Wolfgang Lange
Andy Warhol
oder die Wiederaufbereitung der Kunst aus dem Geiste der Kulturindustrie
Im Herbst 1986 präsentierte die Galerie d’Offay in London die allerletzte Creation von Warhol Enterprises, eine Reihe großformatiger Porträts des jüngstverstorbenen Altmeisters der Pop-art. Anlaß genug, über den vielgeschmähten und vielgerühmten Magier und Scharlatan auf dem Aktualitätenmarkt Kunst einige Reflexionen auszustreuen, darüber nachzudenken, was Pop war und aus Pop wurde, und was Pop innerhalb der Geschichte der modernen Kunst bedeutet.
Auffallend ist die Monumentalität dieser, wie üblich gleich in Serie produzierten Bildnisse; keines der ausgestellten Bilder unterschreitet im Umfang die ZweiMetermalzweiMeterMarke, einige reichen weit darüber hinaus. Als Basis dieser Porträts ist ein Foto verwendet worden, das die alters- und geschlechtslose Physiognomie Warhols frontal vor dunklem Grund zeigt.

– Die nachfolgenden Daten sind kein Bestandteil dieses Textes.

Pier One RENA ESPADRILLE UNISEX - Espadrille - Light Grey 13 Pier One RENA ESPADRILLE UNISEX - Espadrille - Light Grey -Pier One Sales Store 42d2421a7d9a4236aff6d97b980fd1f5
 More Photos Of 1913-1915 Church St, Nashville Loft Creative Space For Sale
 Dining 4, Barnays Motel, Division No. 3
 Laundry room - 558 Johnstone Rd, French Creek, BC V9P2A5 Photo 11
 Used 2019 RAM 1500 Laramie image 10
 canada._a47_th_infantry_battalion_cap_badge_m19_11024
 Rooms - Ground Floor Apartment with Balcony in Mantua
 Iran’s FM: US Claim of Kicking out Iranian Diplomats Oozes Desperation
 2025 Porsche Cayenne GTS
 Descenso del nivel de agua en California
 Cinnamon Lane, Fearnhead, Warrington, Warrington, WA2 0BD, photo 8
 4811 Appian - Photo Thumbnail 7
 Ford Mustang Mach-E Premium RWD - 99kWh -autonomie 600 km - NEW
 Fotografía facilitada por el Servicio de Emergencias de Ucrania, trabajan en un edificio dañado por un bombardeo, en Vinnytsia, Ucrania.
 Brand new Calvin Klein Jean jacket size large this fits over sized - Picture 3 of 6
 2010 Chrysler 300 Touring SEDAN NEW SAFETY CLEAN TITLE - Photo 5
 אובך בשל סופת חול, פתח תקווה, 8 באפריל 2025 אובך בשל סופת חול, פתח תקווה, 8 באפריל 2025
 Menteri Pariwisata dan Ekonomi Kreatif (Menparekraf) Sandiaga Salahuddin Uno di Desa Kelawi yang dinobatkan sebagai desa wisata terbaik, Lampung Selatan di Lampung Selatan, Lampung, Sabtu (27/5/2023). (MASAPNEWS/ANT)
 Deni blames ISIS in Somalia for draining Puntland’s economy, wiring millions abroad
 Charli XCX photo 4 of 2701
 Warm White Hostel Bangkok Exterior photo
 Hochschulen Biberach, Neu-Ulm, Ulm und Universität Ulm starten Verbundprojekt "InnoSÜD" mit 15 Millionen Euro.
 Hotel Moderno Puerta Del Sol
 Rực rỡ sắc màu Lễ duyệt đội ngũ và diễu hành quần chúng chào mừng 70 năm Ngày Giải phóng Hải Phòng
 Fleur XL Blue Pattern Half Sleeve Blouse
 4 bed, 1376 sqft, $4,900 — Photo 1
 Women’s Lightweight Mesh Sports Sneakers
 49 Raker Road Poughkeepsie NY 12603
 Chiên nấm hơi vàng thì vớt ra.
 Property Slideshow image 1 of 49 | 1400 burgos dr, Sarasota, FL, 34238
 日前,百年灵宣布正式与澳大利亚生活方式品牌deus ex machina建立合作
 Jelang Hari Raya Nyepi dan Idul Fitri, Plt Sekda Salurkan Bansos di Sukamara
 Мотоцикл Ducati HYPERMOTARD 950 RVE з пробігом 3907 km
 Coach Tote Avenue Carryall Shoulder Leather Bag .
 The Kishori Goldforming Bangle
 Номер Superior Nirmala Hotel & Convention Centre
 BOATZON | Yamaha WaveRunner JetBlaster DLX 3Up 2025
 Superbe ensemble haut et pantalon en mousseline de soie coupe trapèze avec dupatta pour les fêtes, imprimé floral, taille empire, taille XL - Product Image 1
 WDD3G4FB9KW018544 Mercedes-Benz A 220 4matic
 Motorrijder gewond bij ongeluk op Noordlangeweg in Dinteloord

Alle Spuren von Individualität sind restlos getilgt; hätte man Warhol auf Abbildungen nicht schon tausendmal gesehen, man hätte keinen Anhaltspunkt, um was für eine Person es sich hier handelt. Am ehesten noch könnte man versucht sein zu glauben, man werde mit einem neuen, außerplanetarischen Mitglied des Raumschiffes Enterprise konfrontiert: vor dem Hintergrund eines schwarzen, von einigen kleinen Lichtpunkten durchsetzten Sternenhimmels, das Gesicht eines Fremden, dessen starrer, ausdrucksloser Blick einen auf Distance zu halten sucht und dessen silberweißer Haarschopf wie von kosmischen Winden zerzaust in der Eiseskälte des Universums zu einem bizarren Gebilde gefroren scheint. Immer wieder dasselbe Bild: Ein Mensch, der vom Himmel fiel, in verschiedenen Variationen; einfach in Schwarz und Weiß, scharlachrot getönt, oder aber aufgelockert und verfremdet durch eine Kolorierung, deren Tarnfarbenmuster auf Warhols Berührungsphobie verweist, auf seinen Wunsch, Anonymität…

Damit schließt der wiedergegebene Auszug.